Those of us involved in Dominican education constantly face the challenge of articulating what it is that is distinctive about our tradition as opposed to the Jesuit tradition. I would propose that the answer to that question lies in what we have talked about today. Dominican education should above all else seek to cultivate students who are contemplatives. I know this is a counter-intuitive and counter-cultural claim; I do not expect the marketing people of the college to make this our new slogan on the web site. Yet it expresses the core conviction of the Catholic and Dominican educational ideal: both faith and reason are a means to contemplation of truth about God, and it is precisely for the contemplation of truth that we were made; in grasping this truth about truth-seeking, we come to know who we are as human beings created in the image and likeness of God. If knowledge of truth is the purpose for which we are created and our ultimate end in the beatific vision, then it is vital for our students to come to understand the contemplative vocation as the heart of life. In a world where human identity is in danger of being reduced to social or commercial value, and the role of education correlatively rethought in instrumental or market-place terms, it is a prophetic educational message to assert that the ultimate goal of education is contemplative wisdom. In educating our students to lead contemplative lives we are at the same time educating them to make good choices: it is not possible to know what is worth choosing, and even dying for, apart from an appreciation of the truth of the whole. Moreover, no one who thinks about the truth of the whole can keep it to him or herself. That is why another motto of the Dominican order is contemplare et aliis tradere — to contemplate and to give to others the fruits of contemplation. In educating our students to be contemplatives, we are educating them to be prophetic agents of social change. The most powerful force for transforming both self and society is the contemplation of truth.[7]

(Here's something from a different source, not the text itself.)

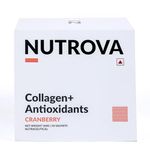 NUTROVA Collagen+ Antioxidants | Marine Collagen Supplements Powder for Men & Women | Improves Skin Hydration, Reduces Damage | Skin, Hair & Nails | Cranberry | 30 Servings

The mission statement, included in full above, elaborates the vision proposed by President Shanley in his inaugural address. The Catholic education that we provide at Providence College addresses key questions of human existence utilizing a pedagogy of disputed questions to communicate the harmony of faith and reason and the unity of truth in God.[8] As stated in our Mission Statement, this unique education “supports the Dominican mission of preaching the gospel of Jesus Christ to a new generation of students and helping them discover God’s providence in their lives.”

Our distinctive identity and mission, and our distinctive contribution to the diversity of American higher education, is worthy of celebration in its own right, but it also provides us with a competitive advantage in development and in hiring.[9] As much as our identity is to be celebrated, it is in need of intentional and strategic preservation. The diversity of American higher education is threatened by certain isomorphic pressures which put pressure on institutions such as ours to conform to our peers and to diminish that which makes us who we are. Our report now turns to an analysis of these pressures before offering some practical recommendations about how they can be successfully navigated.

b. Identifying Mechanisms of Institutional Isomorphic Change

Sociologists of institutional identity and change point to three predominant processes of intuitional isomorphic change (i.e. homogenizing change) among organizations belonging to the same organizational field: coercive conformities arise in response to political pressure and the goal of cultural legitimacy, mimetic conformities arise in response to the problem of uncertainty, and normative conformities arise in response to professionalization.[10] Of course, not every intuitional conformity is identity compromising, and some institutional conformities are indeed “best practices” which are adopted to the benefit of our unique mission. Nevertheless, not all conformities are identity and mission enhancing, and because the pressures leading to institutional conformities persist within organizational fields, these pressures must be acknowledged and at times intentionally resisted, as all potential conformities are evaluated with respect to our unique identity and mission.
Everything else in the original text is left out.